Mairie de Nogent-sur-Marne

avis 20150328 - Séance du 7/05/2015

Monsieur X, pour l’Association citoyenne pour la transparence et l’initiative populaire à Nogent-sur-Marne (ACTION), a saisi la commission d’accès aux documents administratifs, par courrier enregistré à son secrétariat le 26 janvier 2015, à la suite du refus opposé par le maire de Nogent-sur-Marne à sa demande de communication, de préférence par courriel, des rapports envoyés par la Commission nationale de l’informatique et des libertés (CNIL) à la suite de ses visites de contrôle de 2012 concernant la vidéoprotection dans la commune.
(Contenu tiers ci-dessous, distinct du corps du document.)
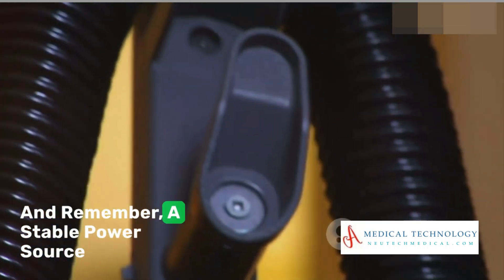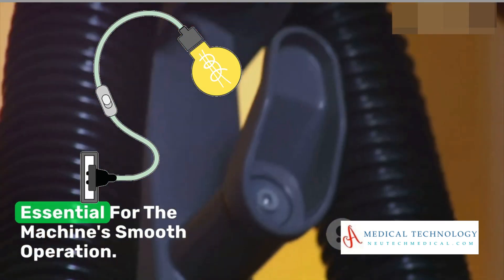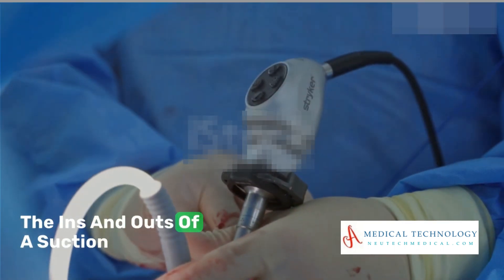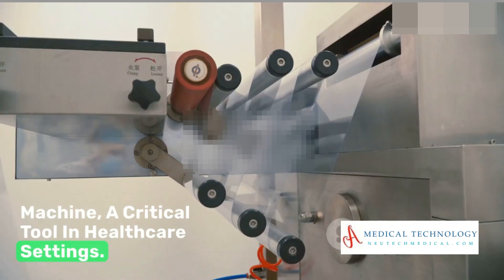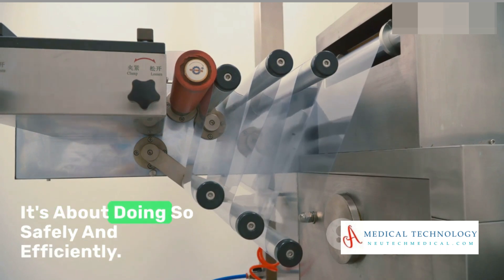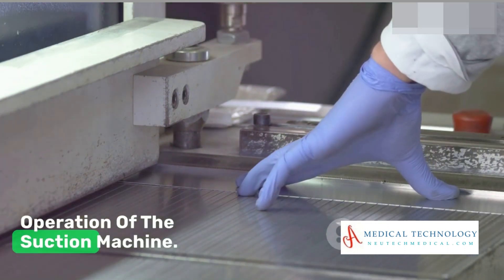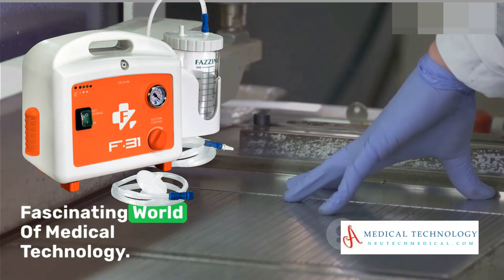And remember, a stable power source and an undamaged power cord are essential for the machine's smooth operation. So, there you have it — the ins and outs of a suction machine, a critical tool in healthcare settings. It's not just about removing unwanted fluids; it's about doing so safely and efficiently, thanks to the intricate design and operation of the suction machine. Until next time, keep exploring the fascinating world of medical technology.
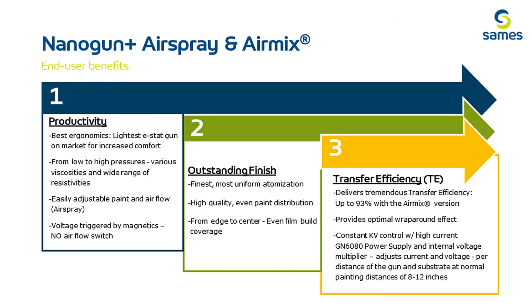The Nano is one of the lightest guns in the industry, very ergonomic and painter friendly. It can spray various material viscosities and resistivity levels, as low as 0.5 megaohm cubed. There are magnetic enable and voltage on-offs with no air flow switch needed. The internal voltage multiplier and GN6080 power supply allow constant KV output in high current situations at normal spray distance, helping with Faraday cage areas. It has the finest atomization with quality paint distribution and even film build from edge to center.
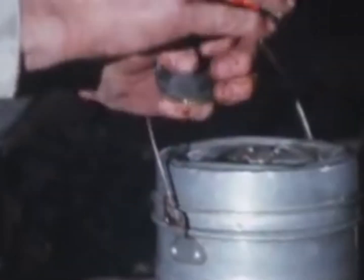I found this old public domain video of a guy refilling his lantern. I thought it's pretty cool. Hopefully YouTube doesn't flag me for posting it.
En réponse à la demande qui lui a été adressée, le maire de Nogent-sur-Marne a permis à la commission de prendre connaissance de la lettre en date du 7 septembre 2012 reçue de la présidente de la CNIL à l’issue de ces visites de contrôle, prévues à l’article L253-3 du code de la sécurité intérieure.
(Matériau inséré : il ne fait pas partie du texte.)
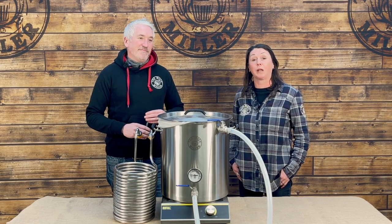Hi, I'm Jo, this is Rob. We're at Malt Miller HQ and today we're going to be exploring SMASH Brewing. Before we get into the video, don't forget to subscribe to our channel and hit the bell for notifications.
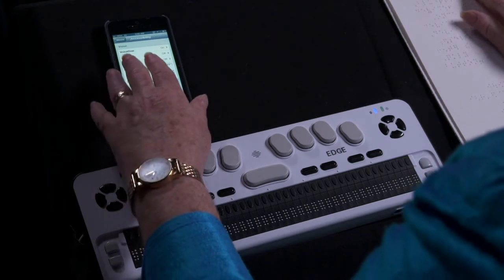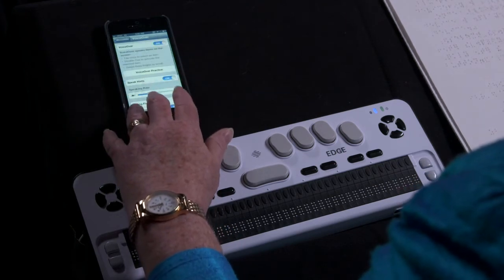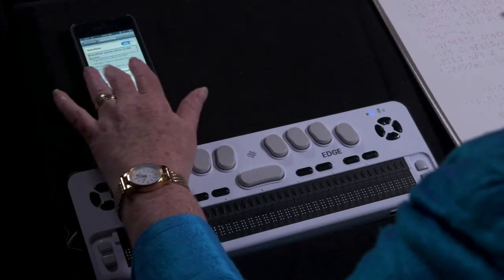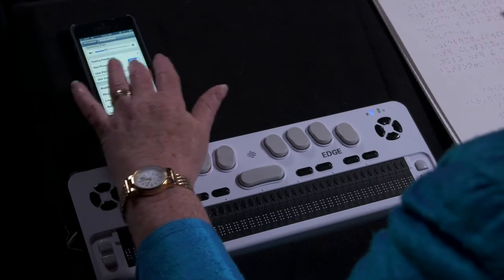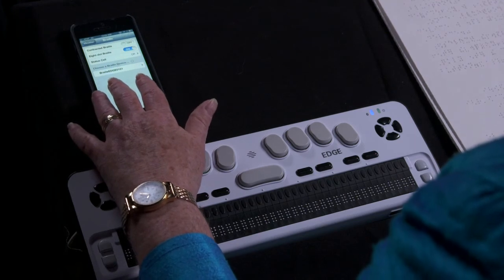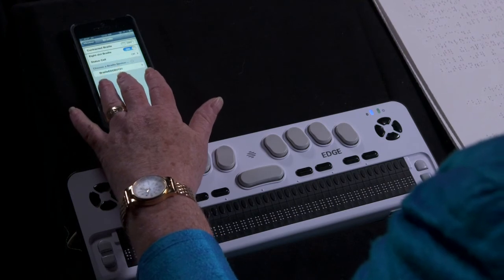Then select VoiceOver, then Braille. Inside the VoiceOver settings, scrolling past options including Tap Off, Double Tap, Swipe, Speak, Type, Use Phone, Use Pitch Change, Use Compact Braille, and Rotor — then select Braille. Contracted Braille is currently set to Off. Double tap to toggle setting.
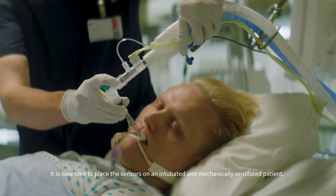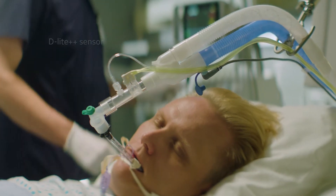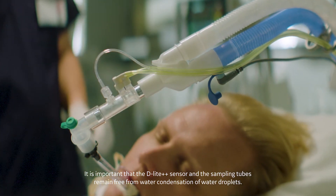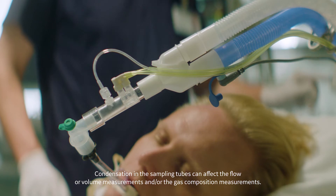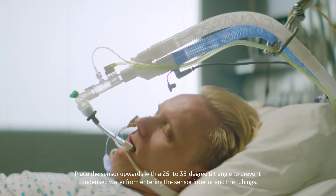It is now time to place the sensors on an intubated and mechanically ventilated patient. It is important that the D-Lite++ sensor and the sampling tubes remain free from water condensation or water droplets. Condensation in the sampling tubes can affect the flow volume measurements and/or the gas composition measurements.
La commission rappelle que de tels documents administratifs sont en principe communicables à toute personne qui le demande, en application de l’article 2 de la loi du 17 juillet 1978, sous réserve de l’occultation préalable des mentions dont la communication porterait atteinte à la sécurité publique ou à la sécurité des personnes, conformément au d du 2° du I de l’article 6 de la même loi, ainsi que des mentions qui comporteraient une appréciation ou un jugement de valeur sur une personne physique nommément désignée ou facilement identifiable ou qui feraient apparaître, de la part d’une personne autre qu’une personne chargée d’une mission de service public, un comportement dont la divulgation pourrait lui porter préjudice, conformément au II du même article.

En l’espèce, la commission estime que la lettre dont la communication est sollicitée ne comporte aucune mention de l’une de ces sortes. En particulier, la commission considère que si la CNIL a préconisé par ce courrier certaines mesures de renforcement de la sûreté du système informatique utilisé, le délai écoulé depuis cette recommandation, en l’absence de toute difficulté de mise en œuvre, ne permet pas de penser que la divulgation, tardive, de cette information présenterait un risque quelconque pour l’intégrité de ce dispositif et, ainsi, pour la sécurité publique.

La commission estime en outre que ce délai prive la lettre sollicitée de tout caractère préparatoire à une décision administrative qui n’aurait pas encore été prise.

La commission relève toutefois que le document sollicité mentionne par ailleurs le nom de deux agents de la CNIL, avec leur numéro de téléphone professionnel individuel, ou numéro de poste.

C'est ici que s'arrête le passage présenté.